> Task to complete:
Pictures are to be left out, and only the lines from the one with "Draagarmrubber 172378" through the last line of the listing below are to be repeated exactly.

+ + +

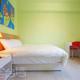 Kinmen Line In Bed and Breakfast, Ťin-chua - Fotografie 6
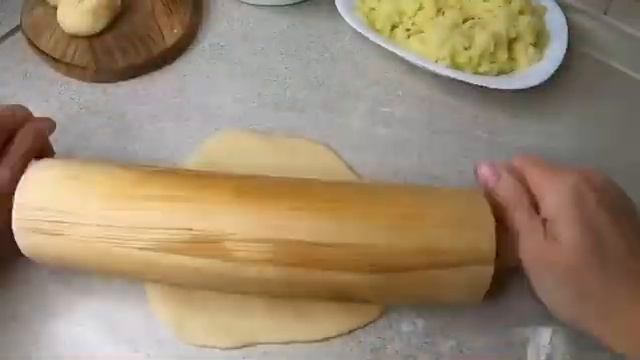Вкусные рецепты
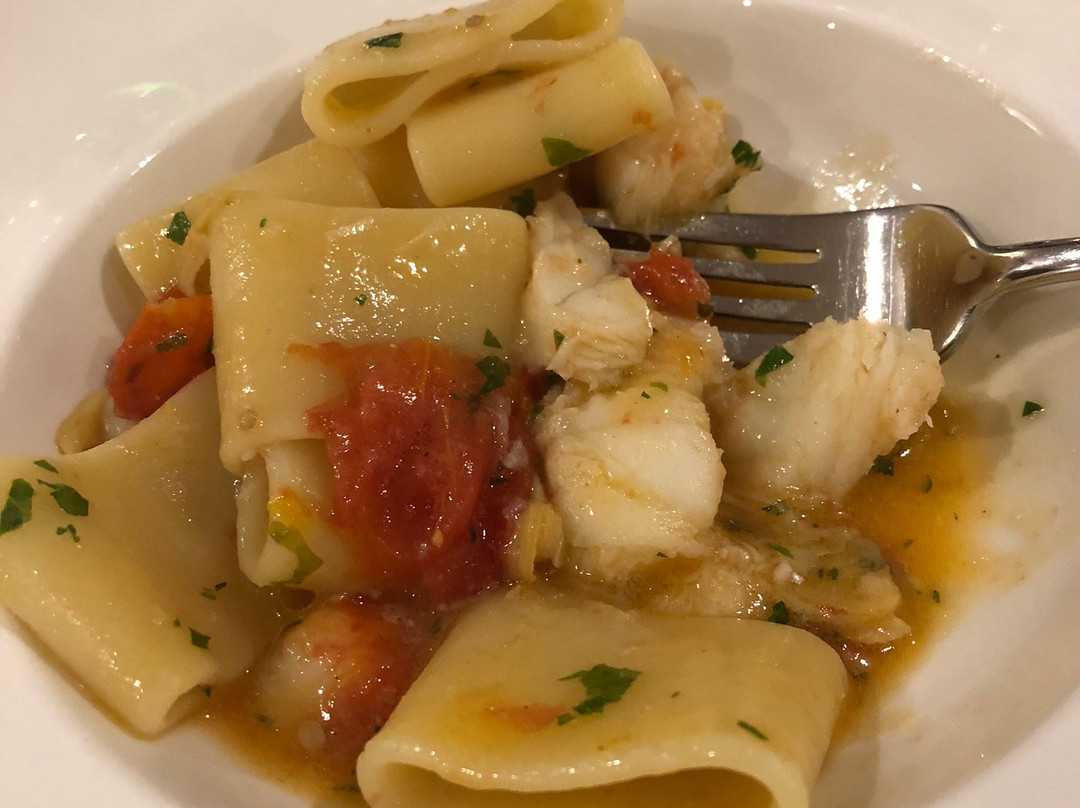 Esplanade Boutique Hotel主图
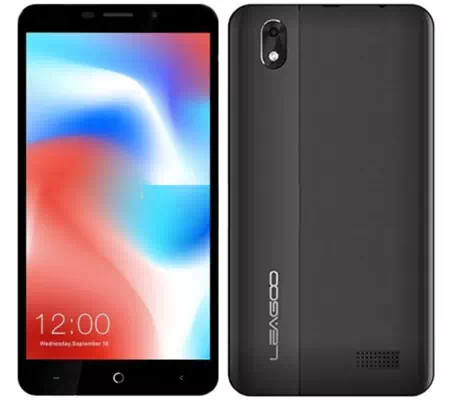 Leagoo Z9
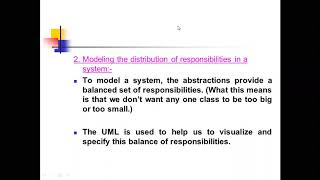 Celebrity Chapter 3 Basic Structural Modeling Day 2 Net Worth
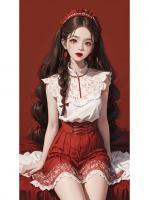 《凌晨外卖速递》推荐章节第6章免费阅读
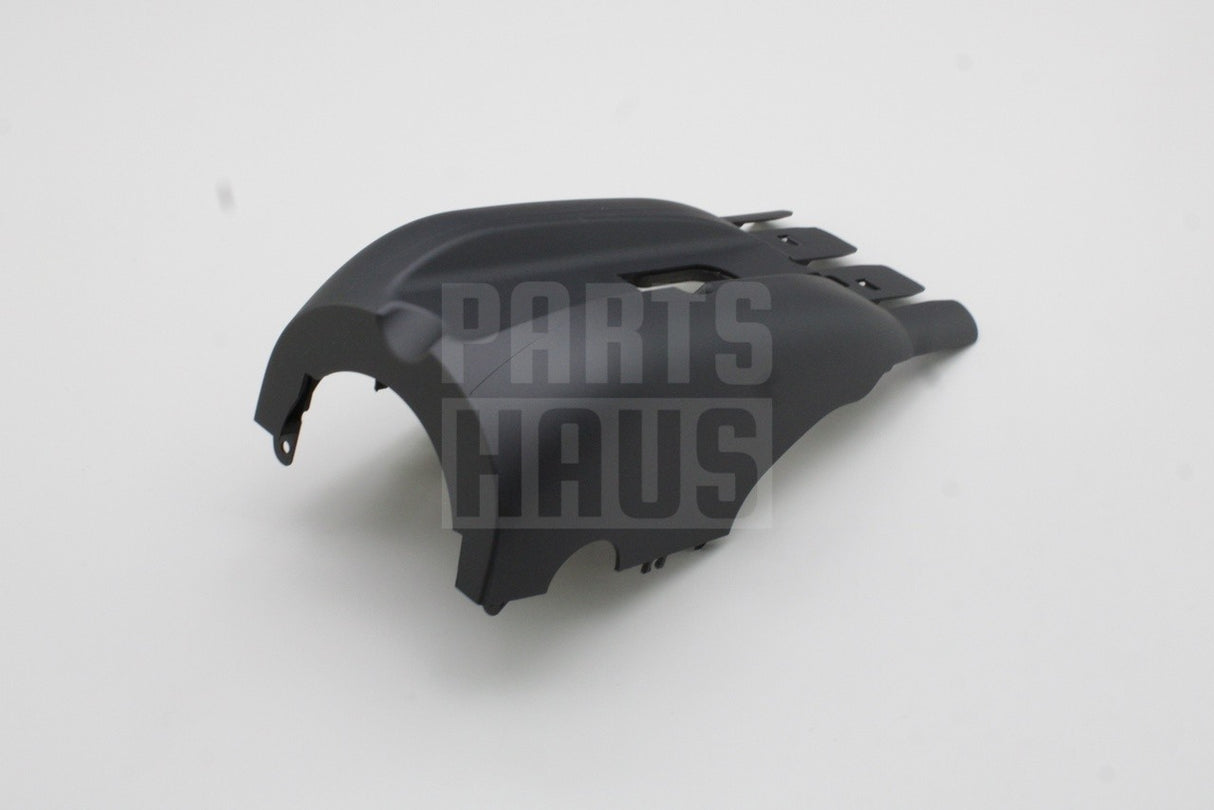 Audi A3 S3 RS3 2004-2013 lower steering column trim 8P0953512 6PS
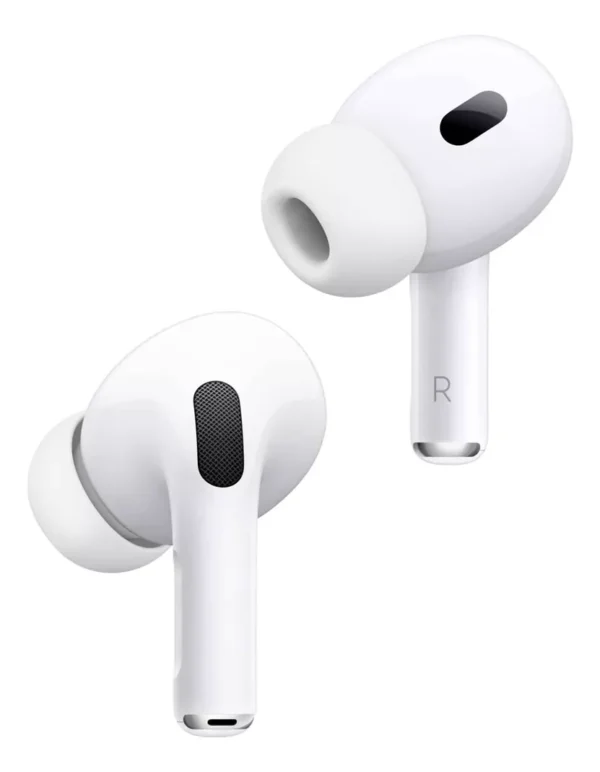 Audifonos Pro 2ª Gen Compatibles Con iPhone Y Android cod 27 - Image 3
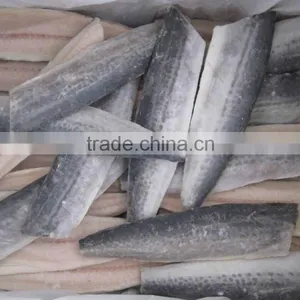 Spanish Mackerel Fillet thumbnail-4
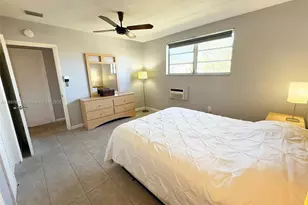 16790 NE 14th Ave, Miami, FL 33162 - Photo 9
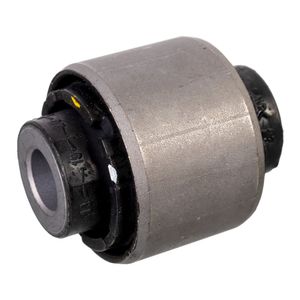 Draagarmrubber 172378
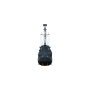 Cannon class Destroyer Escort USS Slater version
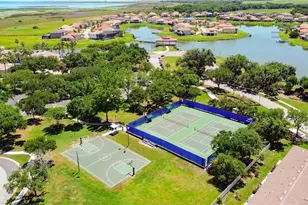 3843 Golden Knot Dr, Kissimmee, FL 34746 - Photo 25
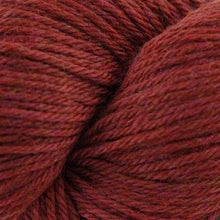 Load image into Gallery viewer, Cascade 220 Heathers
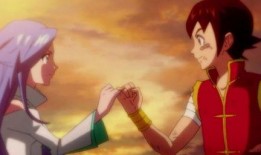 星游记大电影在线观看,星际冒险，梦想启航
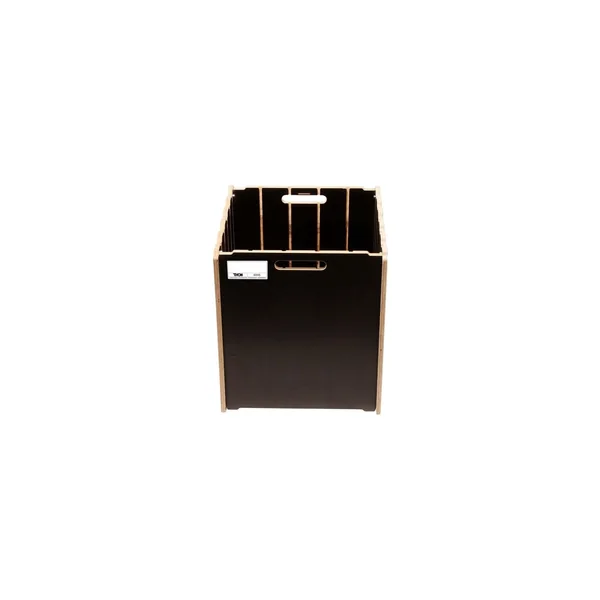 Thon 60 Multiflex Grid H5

+ + +

> Answer box:
 Draagarmrubber 172378
 Cannon class Destroyer Escort USS Slater version
 3843 Golden Knot Dr, Kissimmee, FL 34746 - Photo 25
 Load image into Gallery viewer, Cascade 220 Heathers
 星游记大电影在线观看,星际冒险，梦想启航
 Thon 60 Multiflex Grid H5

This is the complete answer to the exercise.